People reading this blog probably know about PM. He was one of the original SourceMod authors, and forked off his work as the amazing SourceHook, which became the backend to Metamod:Source.

I finally got a chance to meet PM today. He was going from Slovakia to Germany, and stopped in Budapest, Hungary for a few hours. We did a little touring around the Castle District (Várnegyed). There are some great panoramic views of the city, since it is high up on the hills of the Pest side. It’s also a very touristy area, people were speaking English (and according to PM, German).

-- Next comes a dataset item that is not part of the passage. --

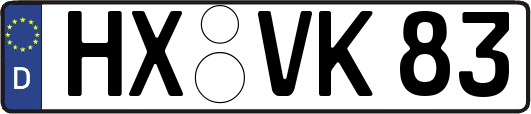 HX-VK83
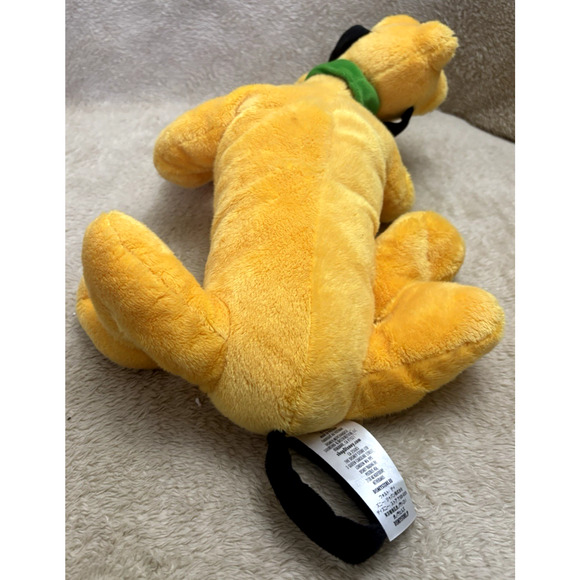 Disney Store Genuine Original Authentic Large Pluto Plush 16” Stuffed Animal - Picture 3 of 11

Picture or it didn’t happen.

It’s rare I get a chance to meet people from the AlliedModders community, and it’s great to put a real person to the handle/avatar on the forums. I can only recall a few other times to do this, I got to meet Freecode, OneEyed, and teame06 at various LAN events.

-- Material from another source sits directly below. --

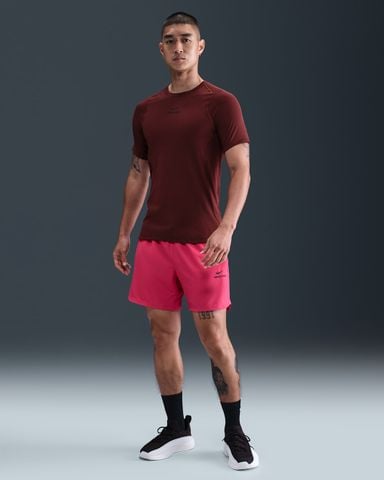 Nike - Áo ôm tay ngắn thể thao Nam Pro Training Men's Dri-FIT Short-Sleeve Top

I first heard from PM in 2003 or so. I was writing a Counter-Strike mod and it was exposing a very bad bug: if you removed a weapon on the ground, Counter-Strike would crash, either immediately or much later. I couldn’t figure out what was going wrong and was at my wits’ end, until I got a random message from PM with a mysterious but working fix.

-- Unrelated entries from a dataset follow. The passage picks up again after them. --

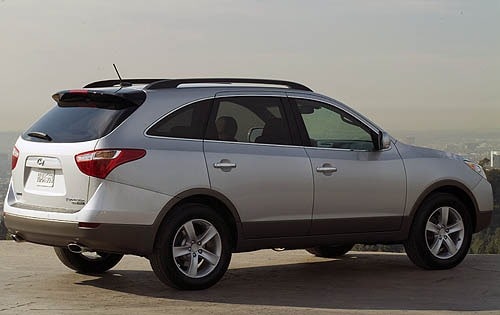 2007 Hyundai Veracruz Limited SUV 2007 Hyundai Veracruz Limited SUV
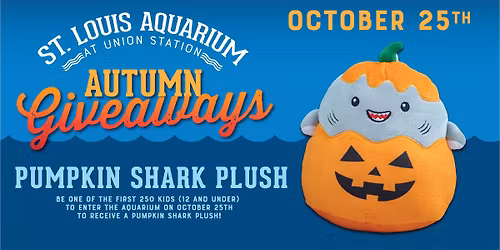 Pumpkin Shark Splashmallow Giveaway - 10\/25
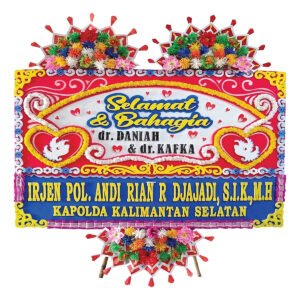Papan Bunga Wedding Makassar 22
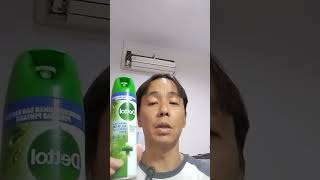 Dettol Disinfectant Spray Membunuh Kuman Dan Bakteri shortsvideo shorts [upl. by Aubin]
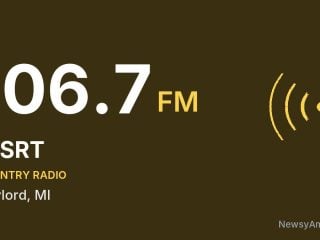 WSRT 106.7 FM, Gaylord, MI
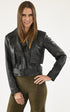 A "JOLIETTE" Noir Possery Veste Femme closed photo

In early 2004 he and I both ended up being the core developers of AMX Mod X. Back when I was still trying to figure out what pointers were, or what malloc() really did, or what the difference between the stack and heap were (you know, all these beginner things), PM was hacking away at the Small virtual machine and doing big rewrites of some of the most terrible AMX Mod code. (I eventually figured this stuff out, and looking back I wonder why PM let me do anything.)

So, meeting one of the most awesome Half-Life/AlliedModders community developers after six years was really cool. I hope I get more chances like this in the future. And thanks to PM for putting up with our boring traipsing around the city!

It’s Upgrade Week

I spent a good portion of this week upgrading various parts of the AM “infrastructure” (read: server held together with twine and duct tape).

 * 16:32 GMT-5. PHP FastCGI upgraded from 5.2.8 to 5.2.9.
 * 16:44 GMT-5. MySQL upgraded from 5.1.30 to 5.1.32.
 * 17:38 GMT-5. MediaWiki upgraded from 1.10.1 to 1.14.0.
 * 17:44 GMT-5: ViewVC upgraded from 1.0.5 to 1.0.7.
 * 17:55 GMT-5: phpMyAdmin upgraded from 2.11.3 to 3.1.3.
 * 18:55 GMT-5: PHP FastCGI recompiled against MySQL 5.1.32.
 * 19:27 GMT-5: Apache for users upgraded from 2.2.8 to 2.2.11.
 * 22:08 GMT-5: Apache for vhosts upgraded to 2.2.8 to 2.2.11.
 * 00:13 GMT-5: Bugzilla upgraded from 3.1.4 to 3.2.2.
 * 01:16 GMT-5: Buildbot upgraded from 0.7.8 to 0.7.10.
 * 01:59 GMT-5: Mercurial upgraded from 1.0.2 to 1.2.
 * 04:39 GMT-5: Debian upgraded from 4.0 (etch) to 5.0 (lenny).
 * 04:42 GMT-5: Mercurial and Buildbot switched from Python 2.4.4 to 2.5.2.
 * 00:44 GMT-5: vBulletin upgraded from 3.6.7 to 3.8.1-PL1.

DS helped me on the Buildbot/Mercurial side. Hopefully everything still works for the most part. Many of these upgrades were sorely needed, fixing known bugs or security issues.

All of this was delayed so long because, well, no one wanted to do it. We maintain private patches against Apache, Bugzilla, vBulletin, and ViewVC. Keeping track of those changes is difficult.

This time around we started using Mercurial Queues. We keep the official software in a Mercurial repository and our custom changes in a queue (patch series). When it’s time to update, we pop the series, commit the new software, then push the series back.

This workflow is nice and all but Mercurial queues aren’t really a part of the repository. So if someone wants to check out the repository and stage development somewhere else, they have to export the queue manually and re-import manually on the other side. Ideally, these patches would be lightweight development forks off the main repository.

We used to keep separate repositories and do three-way diffs. That was a huge pain. Never again. It still seems like we’re missing something though.